▶ _ACTIVITY_: Under this line are records; the part from the line containing "Sampah Kembali Menumpuk di Kali Jambe Bekasi" through the line containing "lot 209 image: Schwinn Stationary Bicycle" should be repeated exactly. Please exclude pictures.
-- MATERIAL PROVIDED follows --
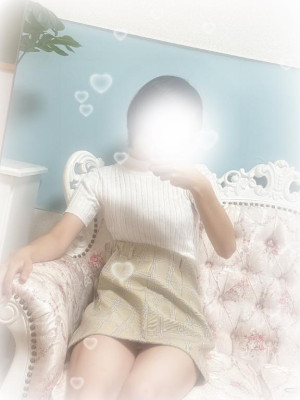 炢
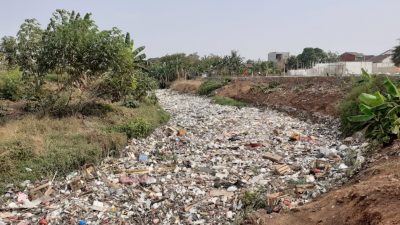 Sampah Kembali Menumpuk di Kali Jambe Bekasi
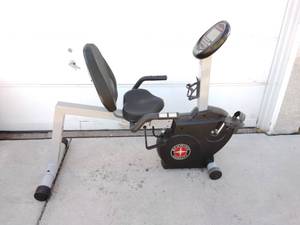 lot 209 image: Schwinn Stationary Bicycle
-- MATERIAL PROVIDED concluded --
-- MATERIAL PROVIDED follows --
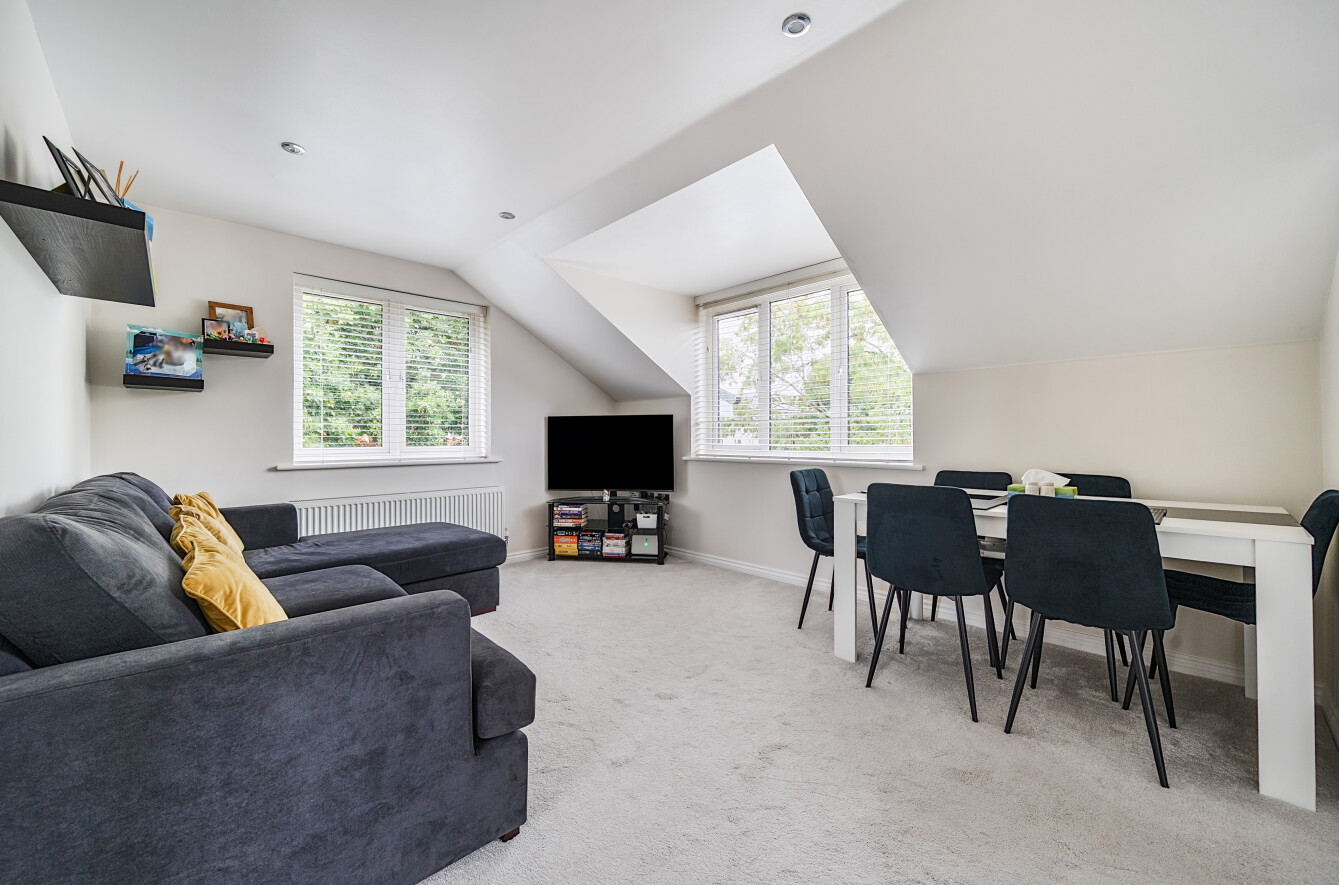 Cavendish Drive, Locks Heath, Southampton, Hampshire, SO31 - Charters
-- MATERIAL PROVIDED concluded --
▶ _RESULT FOR THIS EXERCISE_:
 Sampah Kembali Menumpuk di Kali Jambe Bekasi
 lot 209 image: Schwinn Stationary Bicycle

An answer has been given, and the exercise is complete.